- Born: c. 1450 Brescia, Republic of Venice
- Died: 1538 Toscolano, Republic of Venice
- Citizenship: Republic of Venice
- Occupation: Publisher
- Notable work: Summa de arithmetica De divina proportione 1537 Venice Quran
- Children: Alessandro Paganini

= Paganino Paganini =

Italian printer and publisher

Paganino Paganini (/it/; Latin: Paganinus de Paganinis; c. 1450–1538), was an Italian printer and publisher from the Republic of Venice during the Renaissance. He was the original publisher of Luca Pacioli's mathematical works, Summa de arithmetica and De divina proportione, and of what is thought to be the first printed version of the Quran in Arabic.

== Life ==
Born in Brescia in the mid-fifteenth century, Paganini moved to Venice at a young age. In Venice he entered the field of publishing in 1483, working with publishers Bernardino Benali and Giorgio Arrivabene. In 1487 he printed and published his first independent work, a copy of the Roman Missal (published for the first time in 1474). In the following years he devoted himself to the printing of various works on theology and jurisprudence, including an exceptional Bible with accompanying illustrations and commentary by Nicholas of Lyra. His publications also included significant works on mathematics and politics.

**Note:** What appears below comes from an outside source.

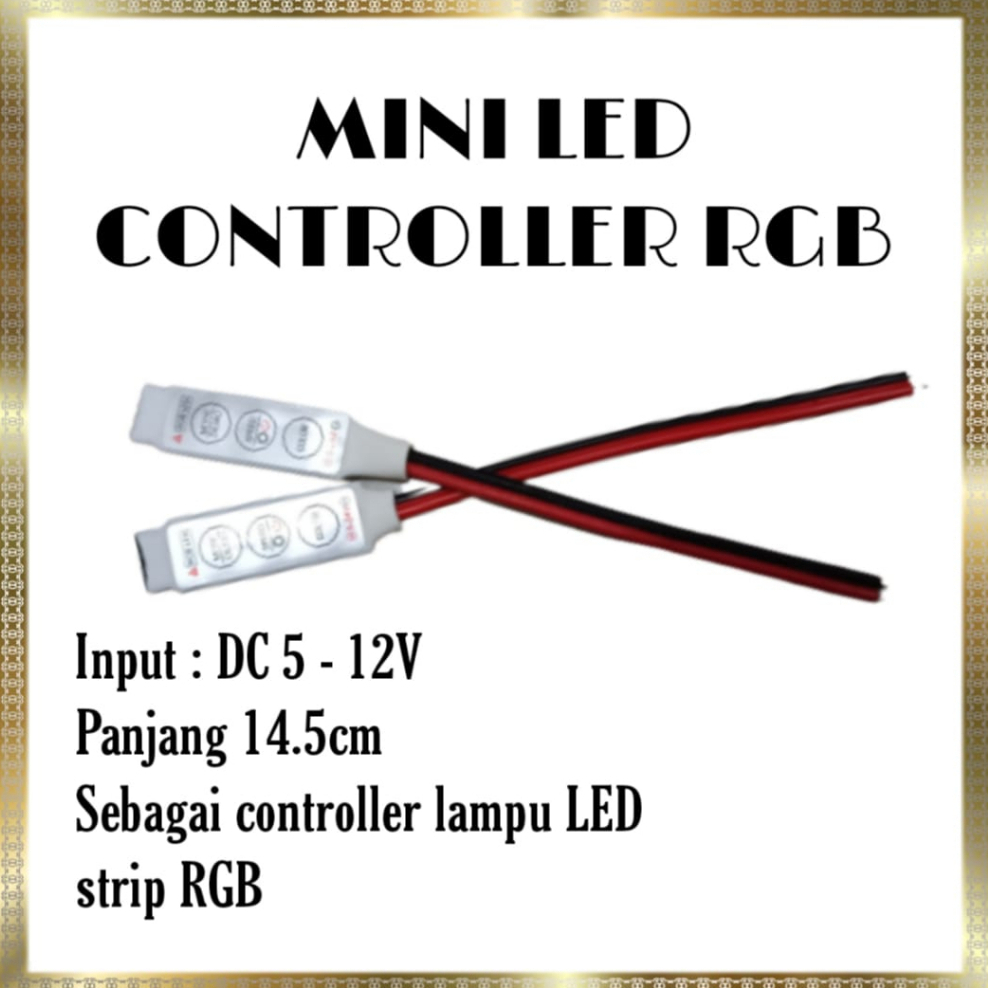CONTROLLER LAMPU LED STRIP RGB mini led controller rgb otomatis lampu motor / mobil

In 1517 he returned with his son Alessandro and his wife to Brescia, where he founded his own print shop in the monastery on Isola del Garda; he later settled in the town of Toscolano, which today is part of the municipality of Toscolano-Maderno. Here he continued his collaboration with his son, also a printer and publisher, printing numerous Latin and Italian classics in small format. In his later years he moved to the town of Cecina, also currently part of Toscolano-Maderno, where he died in 1538.

== Notable works ==
Among Paganini's most notable publications were three mathematical writings of Luca Pacioli: Pacioli's Summa de arithmetica (1494), De divina proportione (1509), and his Italian translation of Euclid's Elements (1509). He also published Vergerio's De Republica Veneta liber primus in 1526, contributing to the work's influence on Venetian politics in the early sixteenth century.

=== First printed Arabic Quran ===
Between 1537 and 1538 Paganini and his son published what was probably the first printed edition of the Quran in Arabic. This work was likely intended for export to the Ottoman Empire, with which Venice had extensive trade ties. Sometimes known as the Paganini Quran, the Venice Quran, or the Venice Manuscript, it is believed to be the first complete copy of the Quran printed on a movable type printer. In the end, the venture was unsuccessful; the entire print run is reported by various contemporaries to have been lost, though the explanations for the disappearance vary widely. However, one copy of this printed Quran was found in 1987 in a monastery in Isola di San Michele (Venice).